Please set down, exactly, the line with "Apna Kaam Hogaya" and all lines that follow it through the end of the records below.

━━━ DATA RECORDS

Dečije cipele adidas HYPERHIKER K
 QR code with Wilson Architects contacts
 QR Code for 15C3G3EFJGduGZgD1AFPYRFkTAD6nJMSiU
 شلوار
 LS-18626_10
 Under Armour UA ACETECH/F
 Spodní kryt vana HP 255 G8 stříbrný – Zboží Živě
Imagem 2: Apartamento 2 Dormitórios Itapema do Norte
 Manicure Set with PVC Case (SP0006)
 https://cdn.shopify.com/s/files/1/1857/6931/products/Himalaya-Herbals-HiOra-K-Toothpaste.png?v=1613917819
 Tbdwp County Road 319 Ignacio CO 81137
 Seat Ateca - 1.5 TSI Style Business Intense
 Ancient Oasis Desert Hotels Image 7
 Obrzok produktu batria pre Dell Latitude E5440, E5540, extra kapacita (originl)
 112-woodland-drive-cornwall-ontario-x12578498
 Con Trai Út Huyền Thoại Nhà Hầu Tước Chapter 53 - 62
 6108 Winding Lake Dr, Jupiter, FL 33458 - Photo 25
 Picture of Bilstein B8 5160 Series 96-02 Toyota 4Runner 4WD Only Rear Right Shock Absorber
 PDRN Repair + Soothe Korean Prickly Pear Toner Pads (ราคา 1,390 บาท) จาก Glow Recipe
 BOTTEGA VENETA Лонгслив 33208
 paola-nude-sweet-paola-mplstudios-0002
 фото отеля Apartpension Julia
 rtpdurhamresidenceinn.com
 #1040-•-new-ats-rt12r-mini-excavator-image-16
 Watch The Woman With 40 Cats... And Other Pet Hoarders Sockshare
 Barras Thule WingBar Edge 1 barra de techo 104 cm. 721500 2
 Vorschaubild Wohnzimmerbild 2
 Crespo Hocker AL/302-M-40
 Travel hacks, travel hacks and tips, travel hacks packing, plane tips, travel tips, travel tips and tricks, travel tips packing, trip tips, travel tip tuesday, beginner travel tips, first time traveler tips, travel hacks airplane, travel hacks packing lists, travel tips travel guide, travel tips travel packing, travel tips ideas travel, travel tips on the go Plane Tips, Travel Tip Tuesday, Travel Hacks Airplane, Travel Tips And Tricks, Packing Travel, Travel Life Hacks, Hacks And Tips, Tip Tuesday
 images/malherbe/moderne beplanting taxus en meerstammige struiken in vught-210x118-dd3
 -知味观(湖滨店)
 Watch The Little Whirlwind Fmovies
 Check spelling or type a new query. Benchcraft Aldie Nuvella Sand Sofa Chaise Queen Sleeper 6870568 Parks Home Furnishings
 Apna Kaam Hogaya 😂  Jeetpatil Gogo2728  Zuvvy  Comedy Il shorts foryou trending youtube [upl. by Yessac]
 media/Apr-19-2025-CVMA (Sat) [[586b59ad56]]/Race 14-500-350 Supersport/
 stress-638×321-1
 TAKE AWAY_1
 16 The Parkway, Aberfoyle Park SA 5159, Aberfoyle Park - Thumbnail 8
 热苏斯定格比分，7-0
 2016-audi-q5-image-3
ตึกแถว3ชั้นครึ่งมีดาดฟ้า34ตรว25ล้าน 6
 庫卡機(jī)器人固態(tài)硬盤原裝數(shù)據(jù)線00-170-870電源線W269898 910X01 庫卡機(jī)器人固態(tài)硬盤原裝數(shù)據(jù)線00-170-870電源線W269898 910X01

━━━━━━

### [COMPLETED EXERCISE]
 Apna Kaam Hogaya 😂  Jeetpatil Gogo2728  Zuvvy  Comedy Il shorts foryou trending youtube [upl. by Yessac]
 media/Apr-19-2025-CVMA (Sat) [[586b59ad56]]/Race 14-500-350 Supersport/
 stress-638×321-1
 TAKE AWAY_1
 16 The Parkway, Aberfoyle Park SA 5159, Aberfoyle Park - Thumbnail 8
 热苏斯定格比分，7-0
 2016-audi-q5-image-3
ตึกแถว3ชั้นครึ่งมีดาดฟ้า34ตรว25ล้าน 6
 庫卡機(jī)器人固態(tài)硬盤原裝數(shù)據(jù)線00-170-870電源線W269898 910X01 庫卡機(jī)器人固態(tài)硬盤原裝數(shù)據(jù)線00-170-870電源線W269898 910X01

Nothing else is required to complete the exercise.